ABOUT THIS TASK: When you copy from the entries that follow, take only the lines from the one with "금산 자연 오토캠핑장 사진 20" down to the one with "Image of cats", keeping both ends and dropping every picture.

☆ ☆ ☆ ☆ ☆ ☆ ☆

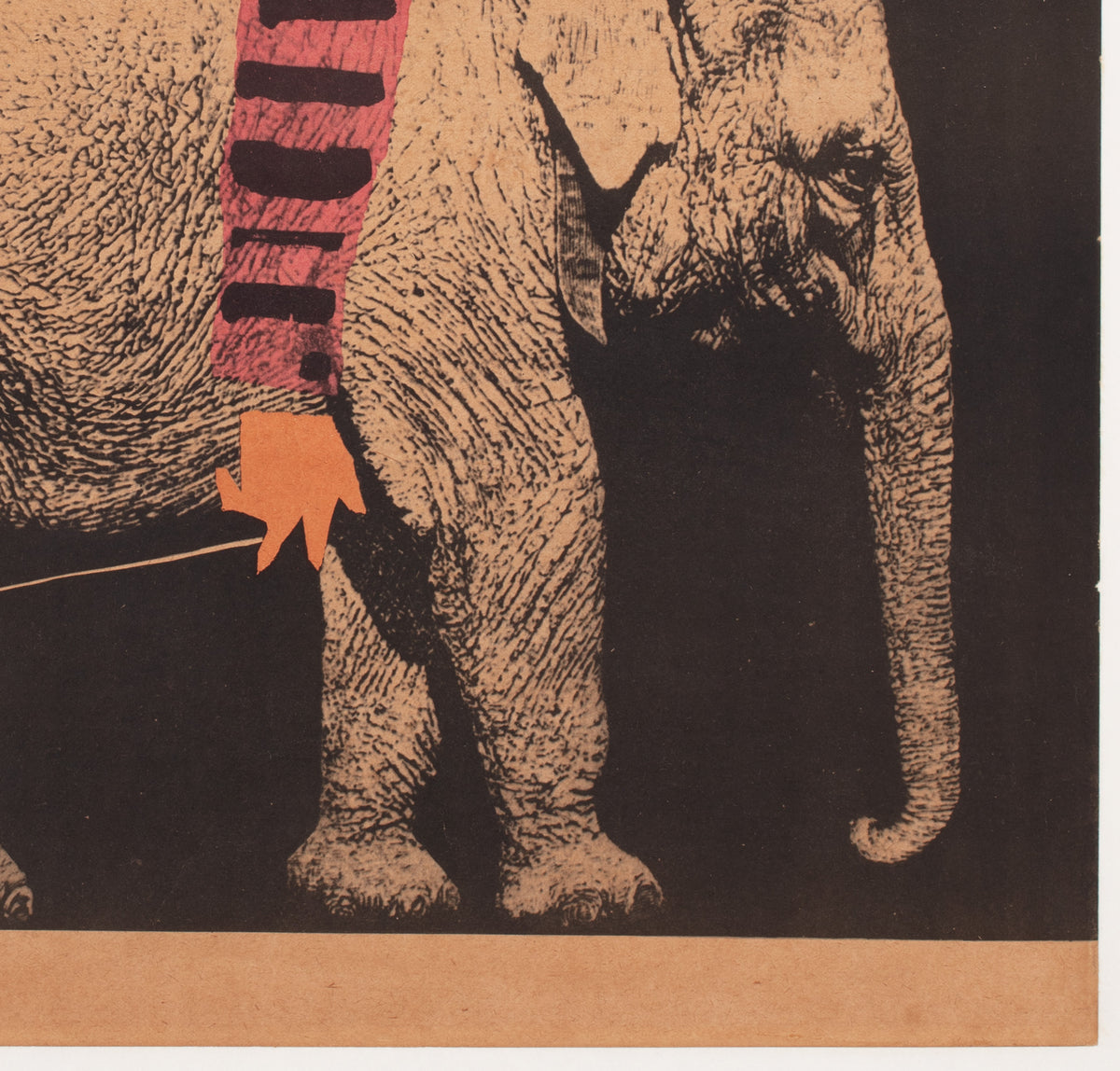 Cyrk Elephant Riding Acrobat 1962 Polish Circus Poster, Cieslewicz - detail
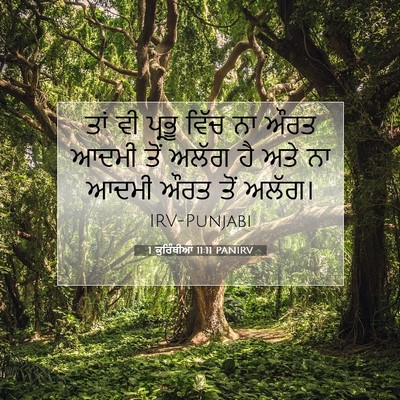 Picture 07 - 1 ਕੁਰਿੰਥੀਆਂ 11:11 PANIRV - ਤਾਂ ਵੀ ਪ੍ਰਭੂ ਵਿੱਚ - Bible Verse Picture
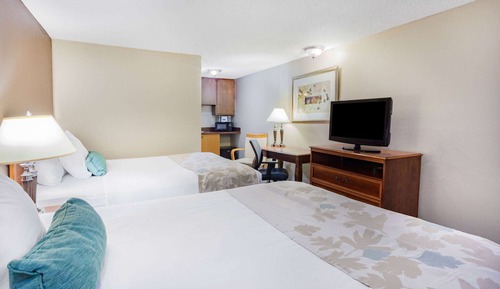 Room, 1 Queen Bed, Non Smoking (Efficiency)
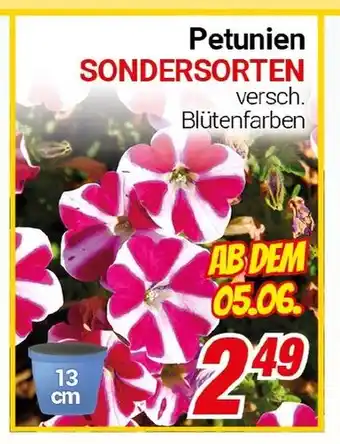 CENTERSHOP Petunien SONDERSORTEN Angebot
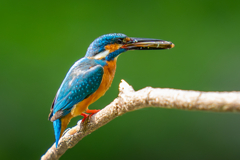 カワセミの生活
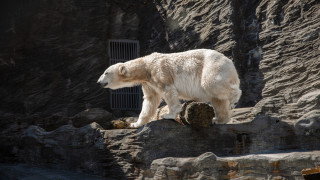 Polar bear rock tilt shift - a rock in a zoo enclosure free wallpaper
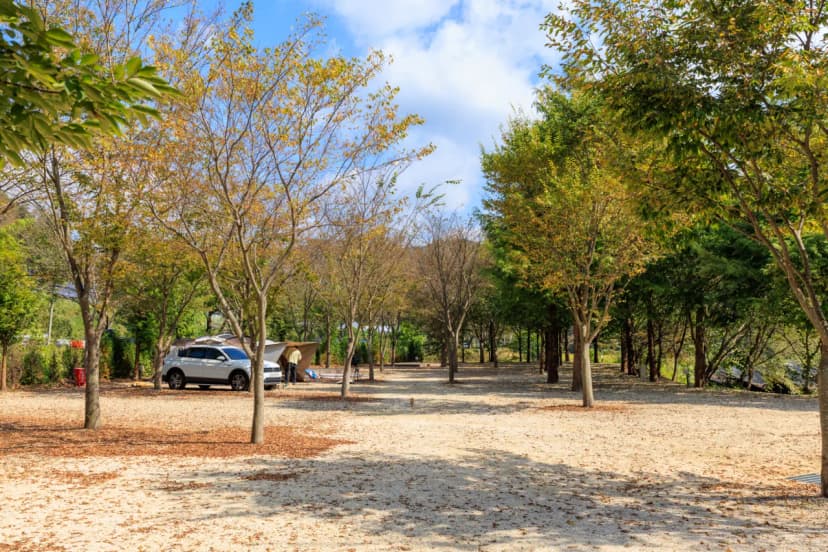금산 자연 오토캠핑장 사진 20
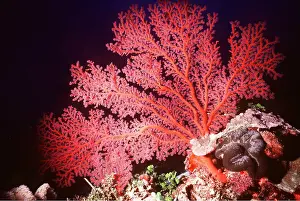 Textures: GORGONIA CORAL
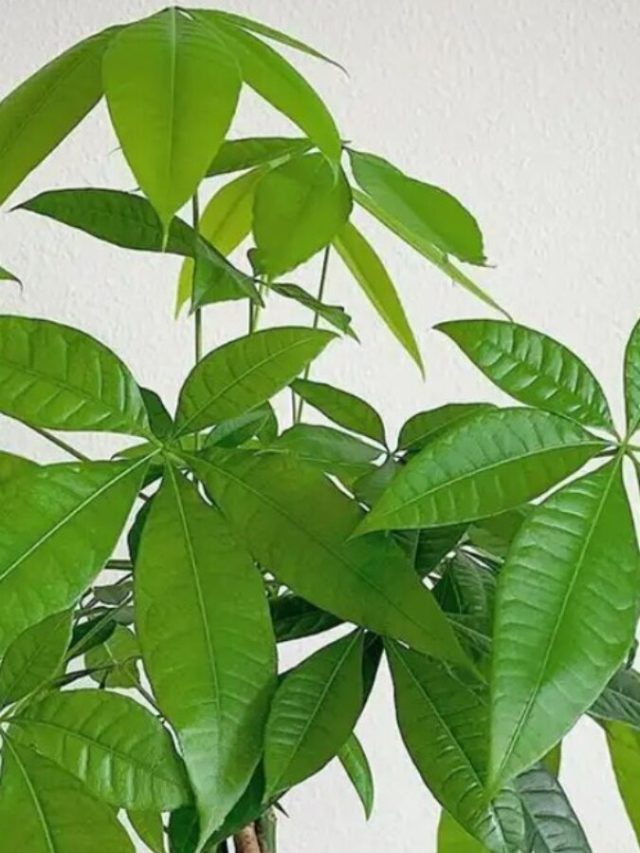 এই ৫ গাছেই বাড়িতে ফিরবে সৌভাগ্য, আসবে সম্পদও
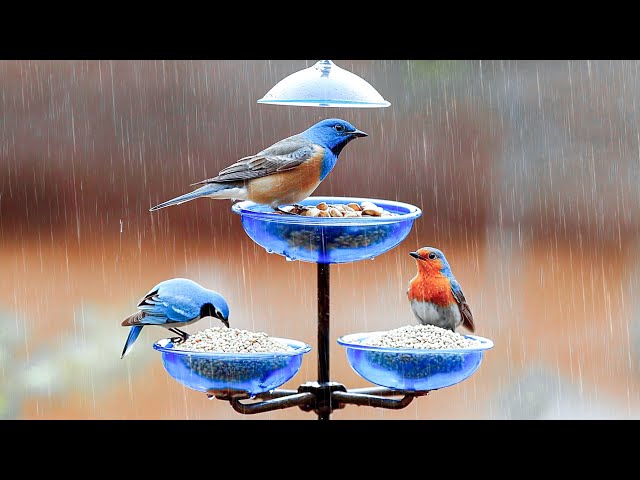 Melodies of nature 🍃 Soft music helps to free the mind with The Sounds of Birds and Rain 🕊️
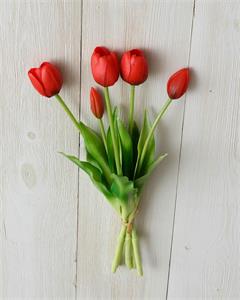 Red Tulip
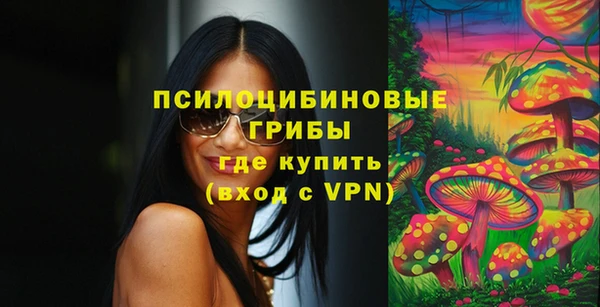 кокс Армянск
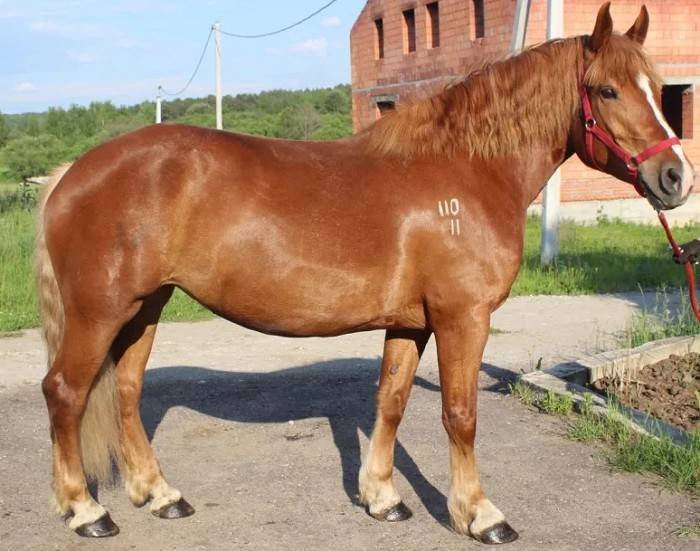 Описание лошадей породы советский тяжеловоз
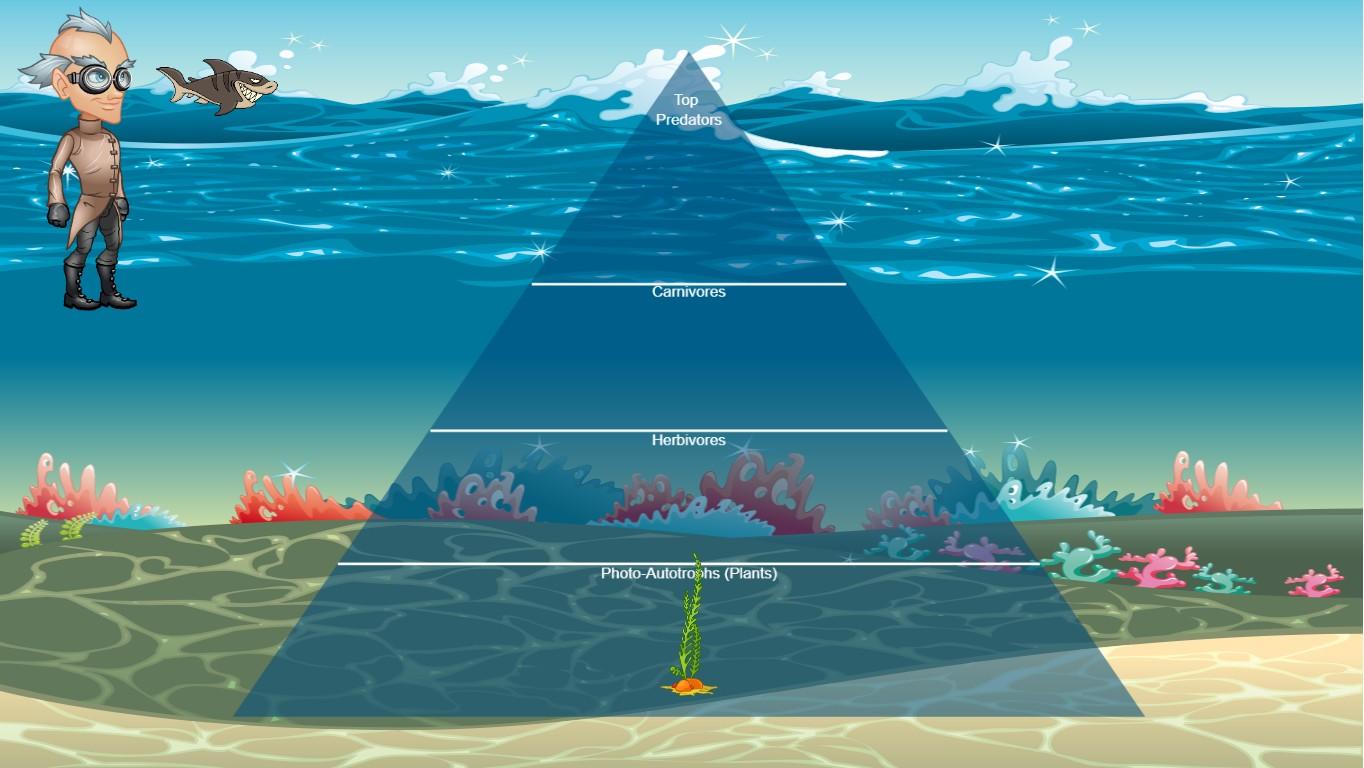 Ocean Ecological Pyramid
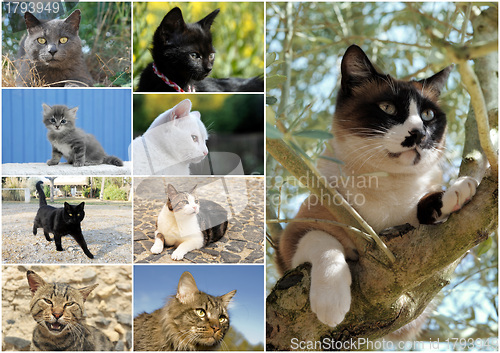 Image of cats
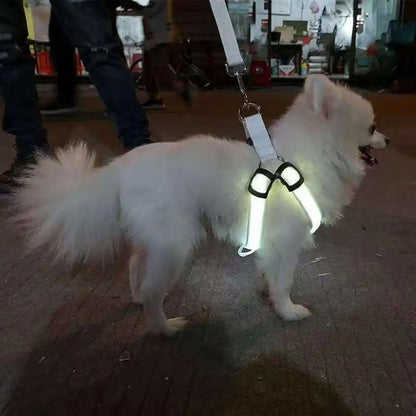 Harness USB Rechargeable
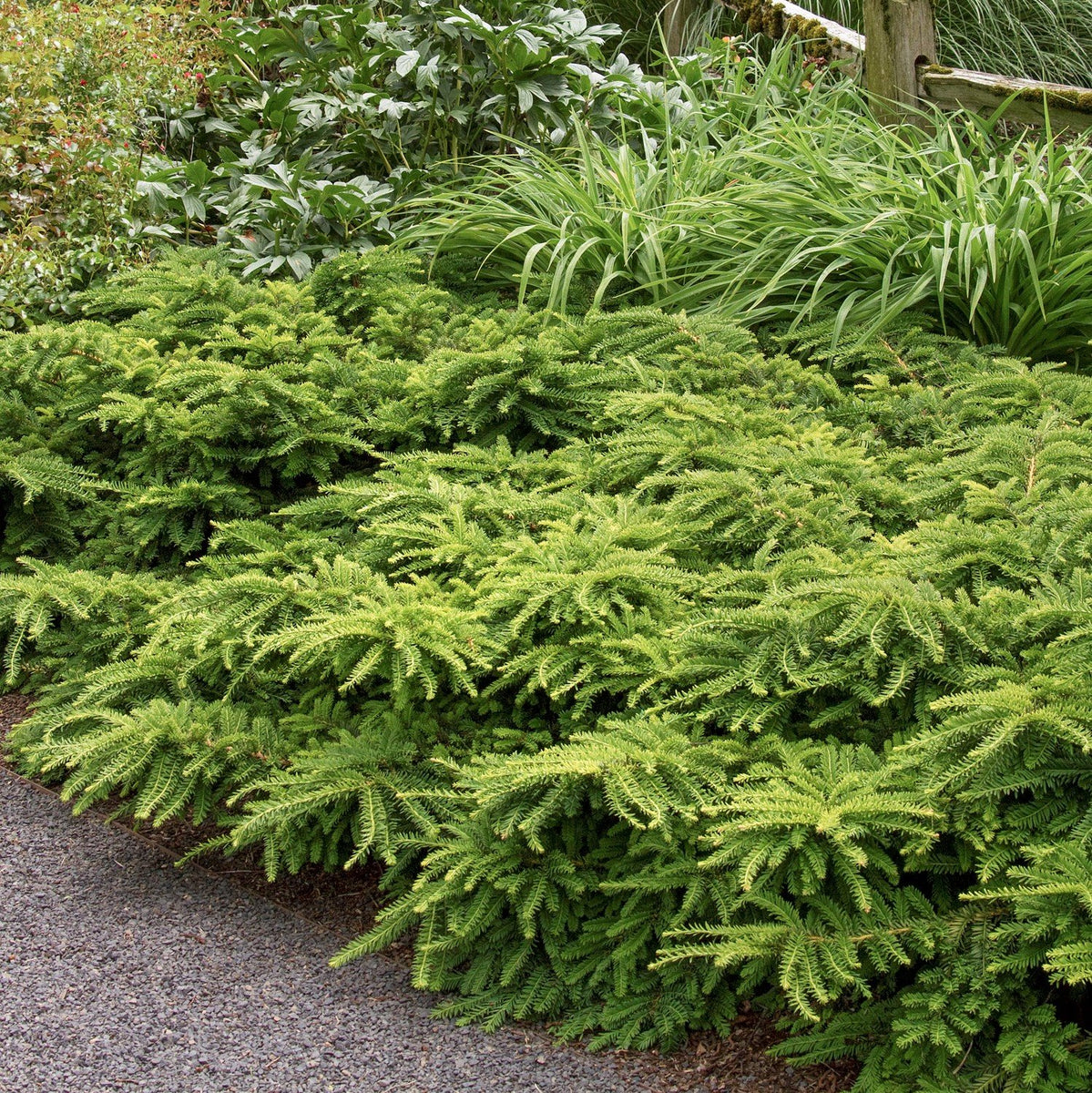 Emerald Spreader Yew – Southern Idaho Landscape Center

☆ ☆ ☆ ☆ ☆ ☆ ☆

RESPONSE TO THE EXERCISE:
금산 자연 오토캠핑장 사진 20
 Textures: GORGONIA CORAL
 এই ৫ গাছেই বাড়িতে ফিরবে সৌভাগ্য, আসবে সম্পদও
 Melodies of nature 🍃 Soft music helps to free the mind with The Sounds of Birds and Rain 🕊️
 Red Tulip
 кокс Армянск
 Описание лошадей породы советский тяжеловоз
 Ocean Ecological Pyramid
 Image of cats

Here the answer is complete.